Data to process »
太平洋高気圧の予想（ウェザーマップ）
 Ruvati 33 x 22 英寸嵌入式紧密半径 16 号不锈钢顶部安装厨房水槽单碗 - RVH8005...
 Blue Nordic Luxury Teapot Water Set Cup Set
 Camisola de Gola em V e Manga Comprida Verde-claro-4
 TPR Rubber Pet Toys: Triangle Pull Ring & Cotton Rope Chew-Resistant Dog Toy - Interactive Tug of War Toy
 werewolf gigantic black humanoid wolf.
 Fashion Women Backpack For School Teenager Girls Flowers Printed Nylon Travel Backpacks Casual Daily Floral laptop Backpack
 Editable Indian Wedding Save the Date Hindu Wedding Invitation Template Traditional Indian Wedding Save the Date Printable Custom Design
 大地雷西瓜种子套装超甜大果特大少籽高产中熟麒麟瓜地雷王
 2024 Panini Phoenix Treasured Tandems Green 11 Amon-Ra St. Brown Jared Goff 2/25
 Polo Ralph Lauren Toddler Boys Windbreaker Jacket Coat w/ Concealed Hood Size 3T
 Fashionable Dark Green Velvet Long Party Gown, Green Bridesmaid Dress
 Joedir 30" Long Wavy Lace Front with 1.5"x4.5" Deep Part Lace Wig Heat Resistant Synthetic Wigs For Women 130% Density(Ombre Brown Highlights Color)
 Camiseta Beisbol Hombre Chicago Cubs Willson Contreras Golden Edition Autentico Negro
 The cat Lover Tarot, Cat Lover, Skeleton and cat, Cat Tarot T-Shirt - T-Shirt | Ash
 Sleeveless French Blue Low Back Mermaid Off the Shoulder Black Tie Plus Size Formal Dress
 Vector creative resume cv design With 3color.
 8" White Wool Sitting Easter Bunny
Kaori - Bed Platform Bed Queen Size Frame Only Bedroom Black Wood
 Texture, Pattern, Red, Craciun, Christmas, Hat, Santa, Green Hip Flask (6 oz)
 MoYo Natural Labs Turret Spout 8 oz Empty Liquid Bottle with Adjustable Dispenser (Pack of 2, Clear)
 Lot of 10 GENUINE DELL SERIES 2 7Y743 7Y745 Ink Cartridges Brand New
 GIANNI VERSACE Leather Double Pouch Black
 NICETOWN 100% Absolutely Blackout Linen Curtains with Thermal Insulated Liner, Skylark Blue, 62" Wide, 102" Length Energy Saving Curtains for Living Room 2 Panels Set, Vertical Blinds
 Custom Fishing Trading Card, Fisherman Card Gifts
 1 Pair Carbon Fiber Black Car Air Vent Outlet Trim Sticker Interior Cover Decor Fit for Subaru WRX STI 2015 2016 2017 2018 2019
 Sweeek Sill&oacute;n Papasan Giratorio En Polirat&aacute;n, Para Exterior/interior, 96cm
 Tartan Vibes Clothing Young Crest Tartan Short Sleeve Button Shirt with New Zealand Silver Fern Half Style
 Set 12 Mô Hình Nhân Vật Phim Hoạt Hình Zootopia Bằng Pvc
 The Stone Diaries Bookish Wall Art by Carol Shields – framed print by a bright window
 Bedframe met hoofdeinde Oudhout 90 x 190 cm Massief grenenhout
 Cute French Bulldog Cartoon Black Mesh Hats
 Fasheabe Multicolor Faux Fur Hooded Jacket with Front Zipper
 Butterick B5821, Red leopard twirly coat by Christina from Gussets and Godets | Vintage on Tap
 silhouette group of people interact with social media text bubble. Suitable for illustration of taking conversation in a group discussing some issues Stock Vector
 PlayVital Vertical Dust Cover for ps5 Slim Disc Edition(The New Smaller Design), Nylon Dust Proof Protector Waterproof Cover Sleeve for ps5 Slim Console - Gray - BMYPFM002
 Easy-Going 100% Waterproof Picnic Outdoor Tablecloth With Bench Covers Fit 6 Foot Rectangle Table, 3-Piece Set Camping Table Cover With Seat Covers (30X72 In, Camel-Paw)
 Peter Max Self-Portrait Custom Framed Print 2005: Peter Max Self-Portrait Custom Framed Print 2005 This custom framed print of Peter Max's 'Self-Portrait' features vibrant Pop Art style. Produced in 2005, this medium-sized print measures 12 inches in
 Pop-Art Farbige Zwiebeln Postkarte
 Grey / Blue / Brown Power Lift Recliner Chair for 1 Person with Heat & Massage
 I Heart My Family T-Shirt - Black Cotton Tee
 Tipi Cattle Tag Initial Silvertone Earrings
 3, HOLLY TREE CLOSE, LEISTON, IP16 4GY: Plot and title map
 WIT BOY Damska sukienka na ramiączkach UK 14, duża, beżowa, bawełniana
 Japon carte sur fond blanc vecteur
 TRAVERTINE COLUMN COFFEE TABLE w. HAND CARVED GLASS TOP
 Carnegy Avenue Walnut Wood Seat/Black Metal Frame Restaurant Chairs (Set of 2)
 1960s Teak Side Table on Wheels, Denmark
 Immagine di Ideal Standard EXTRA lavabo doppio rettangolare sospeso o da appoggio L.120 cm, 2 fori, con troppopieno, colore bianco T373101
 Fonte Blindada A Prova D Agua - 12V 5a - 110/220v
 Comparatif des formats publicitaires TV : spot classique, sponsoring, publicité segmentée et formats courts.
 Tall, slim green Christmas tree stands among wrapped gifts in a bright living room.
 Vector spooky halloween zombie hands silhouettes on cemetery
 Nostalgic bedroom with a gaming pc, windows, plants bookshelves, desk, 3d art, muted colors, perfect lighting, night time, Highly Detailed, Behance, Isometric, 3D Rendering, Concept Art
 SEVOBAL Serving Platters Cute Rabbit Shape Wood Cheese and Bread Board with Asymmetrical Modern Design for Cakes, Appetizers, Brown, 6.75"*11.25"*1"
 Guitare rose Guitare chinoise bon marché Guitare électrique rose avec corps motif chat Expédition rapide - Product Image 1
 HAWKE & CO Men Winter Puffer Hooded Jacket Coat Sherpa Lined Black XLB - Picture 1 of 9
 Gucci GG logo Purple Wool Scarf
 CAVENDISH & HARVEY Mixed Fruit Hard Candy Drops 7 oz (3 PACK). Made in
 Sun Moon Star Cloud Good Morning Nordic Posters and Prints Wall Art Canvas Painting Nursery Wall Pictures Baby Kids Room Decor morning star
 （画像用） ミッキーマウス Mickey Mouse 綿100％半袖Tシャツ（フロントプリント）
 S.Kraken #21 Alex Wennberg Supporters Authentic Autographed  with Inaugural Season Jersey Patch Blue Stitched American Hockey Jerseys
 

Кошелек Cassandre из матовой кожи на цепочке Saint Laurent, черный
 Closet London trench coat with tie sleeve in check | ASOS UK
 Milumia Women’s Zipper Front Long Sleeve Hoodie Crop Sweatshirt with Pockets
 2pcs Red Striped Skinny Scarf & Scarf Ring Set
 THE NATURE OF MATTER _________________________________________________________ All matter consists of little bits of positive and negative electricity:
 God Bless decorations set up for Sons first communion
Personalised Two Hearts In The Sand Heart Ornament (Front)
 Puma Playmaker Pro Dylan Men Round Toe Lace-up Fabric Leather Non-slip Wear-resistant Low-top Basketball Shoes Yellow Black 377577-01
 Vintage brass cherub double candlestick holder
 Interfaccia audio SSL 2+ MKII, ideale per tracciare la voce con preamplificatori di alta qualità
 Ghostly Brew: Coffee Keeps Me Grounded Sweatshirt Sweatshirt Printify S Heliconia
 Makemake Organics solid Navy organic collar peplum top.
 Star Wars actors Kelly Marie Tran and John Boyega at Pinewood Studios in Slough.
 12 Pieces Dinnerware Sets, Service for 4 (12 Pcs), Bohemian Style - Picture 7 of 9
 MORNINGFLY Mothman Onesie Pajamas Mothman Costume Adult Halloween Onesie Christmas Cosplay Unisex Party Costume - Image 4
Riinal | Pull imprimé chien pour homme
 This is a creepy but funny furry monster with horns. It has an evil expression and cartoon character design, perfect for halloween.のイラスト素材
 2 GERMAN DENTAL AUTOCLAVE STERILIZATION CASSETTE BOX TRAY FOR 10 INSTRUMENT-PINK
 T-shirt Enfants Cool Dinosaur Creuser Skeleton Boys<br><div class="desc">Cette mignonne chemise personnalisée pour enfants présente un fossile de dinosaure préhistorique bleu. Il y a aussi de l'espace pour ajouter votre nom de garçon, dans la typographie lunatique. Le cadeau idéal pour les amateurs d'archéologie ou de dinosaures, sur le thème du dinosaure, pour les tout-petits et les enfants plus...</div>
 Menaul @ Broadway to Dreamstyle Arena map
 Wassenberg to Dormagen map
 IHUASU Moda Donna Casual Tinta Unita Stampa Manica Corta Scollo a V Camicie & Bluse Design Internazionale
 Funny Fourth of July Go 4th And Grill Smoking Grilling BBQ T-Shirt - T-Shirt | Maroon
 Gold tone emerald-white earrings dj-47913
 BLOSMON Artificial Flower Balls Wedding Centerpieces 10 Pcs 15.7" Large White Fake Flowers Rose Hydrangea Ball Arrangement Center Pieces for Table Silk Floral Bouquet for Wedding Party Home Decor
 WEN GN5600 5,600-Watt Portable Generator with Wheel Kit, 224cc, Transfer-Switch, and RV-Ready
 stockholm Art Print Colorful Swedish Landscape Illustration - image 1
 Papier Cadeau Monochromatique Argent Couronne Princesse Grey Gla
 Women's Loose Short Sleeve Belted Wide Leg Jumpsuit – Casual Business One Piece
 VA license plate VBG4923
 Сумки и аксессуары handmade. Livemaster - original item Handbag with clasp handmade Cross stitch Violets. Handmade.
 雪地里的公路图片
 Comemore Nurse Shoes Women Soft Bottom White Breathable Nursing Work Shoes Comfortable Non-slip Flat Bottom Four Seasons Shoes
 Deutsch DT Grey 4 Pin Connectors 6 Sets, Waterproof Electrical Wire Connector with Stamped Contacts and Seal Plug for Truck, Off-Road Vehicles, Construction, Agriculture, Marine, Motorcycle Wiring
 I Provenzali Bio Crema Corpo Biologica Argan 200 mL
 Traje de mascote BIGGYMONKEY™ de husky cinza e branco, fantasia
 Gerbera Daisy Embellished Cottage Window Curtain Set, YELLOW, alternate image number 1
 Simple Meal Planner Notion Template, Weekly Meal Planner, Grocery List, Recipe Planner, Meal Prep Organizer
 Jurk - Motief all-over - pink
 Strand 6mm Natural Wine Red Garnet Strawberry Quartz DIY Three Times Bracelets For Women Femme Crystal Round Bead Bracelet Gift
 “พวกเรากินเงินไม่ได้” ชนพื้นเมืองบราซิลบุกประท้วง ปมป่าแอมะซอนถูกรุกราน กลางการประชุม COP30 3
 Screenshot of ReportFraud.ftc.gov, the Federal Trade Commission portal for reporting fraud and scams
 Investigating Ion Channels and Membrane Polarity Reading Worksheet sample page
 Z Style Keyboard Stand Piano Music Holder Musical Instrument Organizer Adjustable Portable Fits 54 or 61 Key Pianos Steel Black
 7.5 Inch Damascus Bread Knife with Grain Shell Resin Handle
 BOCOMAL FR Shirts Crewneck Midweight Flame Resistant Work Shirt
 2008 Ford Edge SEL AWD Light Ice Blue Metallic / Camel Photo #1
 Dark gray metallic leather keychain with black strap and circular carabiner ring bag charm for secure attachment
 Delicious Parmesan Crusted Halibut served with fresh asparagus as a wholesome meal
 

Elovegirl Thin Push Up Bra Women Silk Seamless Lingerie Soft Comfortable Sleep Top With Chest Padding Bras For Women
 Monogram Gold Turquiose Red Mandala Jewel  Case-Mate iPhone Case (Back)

Task instructions »
Please give again the lines above between the line holding "Kaori - Bed" and the line holding "GIANNI VERSACE Leather Double Pouch Black", inclusive, exactly as they are and with nothing added.

Worked solution »
Kaori - Bed Platform Bed Queen Size Frame Only Bedroom Black Wood
 Texture, Pattern, Red, Craciun, Christmas, Hat, Santa, Green Hip Flask (6 oz)
 MoYo Natural Labs Turret Spout 8 oz Empty Liquid Bottle with Adjustable Dispenser (Pack of 2, Clear)
 Lot of 10 GENUINE DELL SERIES 2 7Y743 7Y745 Ink Cartridges Brand New
 GIANNI VERSACE Leather Double Pouch Black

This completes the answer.